Nevertheless, I am keeping my Red Sox cap, and perhaps I will flaunt it at all those “good”  Yankee caps next time I visit Paris.

5 thoughts on “Damn Yankees

  1. Trudy

    I love it, especially as a Yankees fan. Please do a column on the lexicon of international culinary insults. This is a topic that intrigues me. I enjoy an imaginative invective, especially if it involves vegetables!

    1. I list a lot of culinary insults in my WICKED WORDS, collected in the entry on “kraut”: bean eater (a Latin American), chili eater (a Mexican), fish eater (a Roman Catholic), macaroni and meatball (an Italian), pea soup (a French person), among others. The list goes on and, with examples could easily make a column. We’ll see! Thanks for the suggestion.

  2. Harry

    I am thoroughly persuaded by your analysis, especially given the long history of Anglo-Dutch insults (“Dutch treat,” “Dutch courage,” etc) that date to the imperial rivalries of the 17th century. It’s also an excellent example of a group seizing a former insult and turning it into a point of pride, as gay activists have done today with “queer.”

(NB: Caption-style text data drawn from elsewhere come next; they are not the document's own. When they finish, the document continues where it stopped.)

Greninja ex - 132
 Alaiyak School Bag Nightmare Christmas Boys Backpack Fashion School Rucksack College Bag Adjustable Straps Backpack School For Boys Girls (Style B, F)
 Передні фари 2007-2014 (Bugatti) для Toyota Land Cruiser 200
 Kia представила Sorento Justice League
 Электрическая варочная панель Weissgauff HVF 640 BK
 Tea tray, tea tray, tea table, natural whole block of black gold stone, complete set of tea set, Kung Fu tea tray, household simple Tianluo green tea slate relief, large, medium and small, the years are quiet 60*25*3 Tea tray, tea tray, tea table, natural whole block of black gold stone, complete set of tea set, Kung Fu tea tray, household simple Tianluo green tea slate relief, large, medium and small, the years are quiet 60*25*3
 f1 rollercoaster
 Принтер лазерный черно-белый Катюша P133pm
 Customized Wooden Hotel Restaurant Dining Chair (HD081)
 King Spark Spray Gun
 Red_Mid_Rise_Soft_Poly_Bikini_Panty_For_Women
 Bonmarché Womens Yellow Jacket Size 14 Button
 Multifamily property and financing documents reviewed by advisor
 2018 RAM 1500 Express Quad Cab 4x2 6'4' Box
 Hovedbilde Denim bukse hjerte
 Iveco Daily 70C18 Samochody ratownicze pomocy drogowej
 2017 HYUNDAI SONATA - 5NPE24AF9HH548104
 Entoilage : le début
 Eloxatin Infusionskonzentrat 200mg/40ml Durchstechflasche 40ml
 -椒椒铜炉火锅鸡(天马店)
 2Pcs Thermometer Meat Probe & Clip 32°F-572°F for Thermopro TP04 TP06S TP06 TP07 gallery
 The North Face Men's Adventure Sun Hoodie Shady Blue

    This lesson is underlined by your reference to the New York Yankees baseball team, which plays in the former New Amsterdam and can claim to be the richest and most successful team in any professional sport in any country: 29 championships, so far. In many parts of New York City, they are considered rich, arrogant snobs. Working class New Yorkers still cheer for the Mets.

  3. Yes, the list of Anglo-Dutch insults is long. My WICKED WORDS, now out of print (and which I should try to revise and update) includes nearly 50 examples of the use of “Dutch” in negative or insulting phrases. You are right, too, about how “Yaankee” is just one example of how groups pridefully adopt previously insulting labels. Other examples are “Methodist,” coined as insult for people who follow a method; Whig, originally a term of abuse for Scottish Presbyterians; and Tory, first applied to Irish outlaws. “Queer” and “dyke” are good recent examples of this phenomena. I thought of getting into this, but the “Yankee” post already was on the long side. The NY Yankees, by the way, started off as the Highlanders, but changed their name when they changed stadiums (around 1912, as I recall). I myself rooted for the Mets until they managed to lose Tom Seaver for the second time.